So the question is: How much—and how soon—will sea level rise?

New research from glaciologist Tad Pfeffer of the University of Colorado at Boulder and colleagues published in Science attempts to better estimate the possible sea level rise over the next century by measuring the speed at which the world's glaciers—in Greenland and Antarctica but also the many mountain ice sheets throughout the globe—are actually speeding to the sea as well as how swiftly they may melt.

"What would the flow velocities of the ocean-ending outlet glaciers have to be," if Greenland alone was to raise sea level by just six feet (two meters)? "The answer turned out to be huge: about 49 kilometers [30 miles] per year, 70 times faster than those glaciers move today," Pfeffer says, "and three times faster than we've ever observed an outlet glacier to move."

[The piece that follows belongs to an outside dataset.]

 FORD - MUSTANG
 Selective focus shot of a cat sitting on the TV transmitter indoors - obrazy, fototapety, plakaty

Given that Greenland's glaciers are not presently moving anywhere close to that pace—Kangerdlugssuaq Glacier, the fastest, reached speeds above nine miles (14 kilometers) per year in 2005—the researchers also looked at ice that could contribute from the rest of the world. Assuming that the largest remaining ice shelves in East Antarctica—Filchner-Ronne and Ross—will remain intact, sea level rise from all other melting ice and the expansion of seawater as the weather gets warmer over the next century would be somewhere between 2.6 feet (0.8 meter) and six feet (two meters)—or nearly twice as much as projected last year by the U.N. Intergovernmental Panel on Climate Change (IPCC).

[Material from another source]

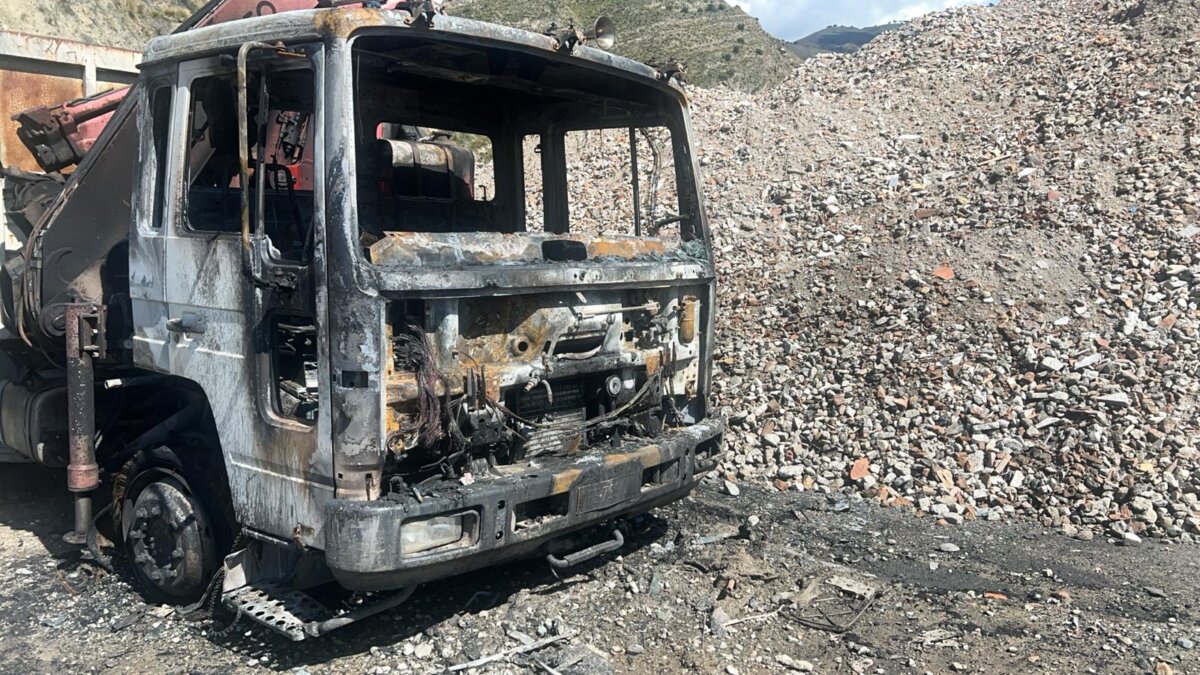 Incendio Oliveto Reggio Calabria (4)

This does not take into account how much sea level might swell from the metldown of the numerous small glaciers in Alaska, Argentina, Canada and Russia, which already contribute 60 percent of sea level rise from glacial melt. (In fact, Pfeffer notes that they are melting faster and therefore adding to sea levels more rapidly than Greenland and Antarctica combined currently do.) Nor is it clear whether something might suddenly occur to change that upper estimate. "If those two big ice shelves [in Antarctica] go out, then it's an entirely different situation," Pfeffer says. "But there's no good evidence that that's going to happen over the next century."

Ancient melting events suggest that glaciers can disappear in a hurry, however, and raise sea levels by more than half an inch a year. The Laurentide ice sheet that stretched as far south as New York State and Ohio some 20,000 years ago had retreated to eastern Canada, just across the water from Greenland, by roughly 11,000 years ago thanks to increased sunlight (due to the periodic wobble in Earth's axis known as precession). It then completely disappeared by 6,800 years ago in two geologically rapid bursts, shedding enough ice to raise sea levels by as much as four feet (1.3 meters) per century, according to research published this week in Nature Geoscience.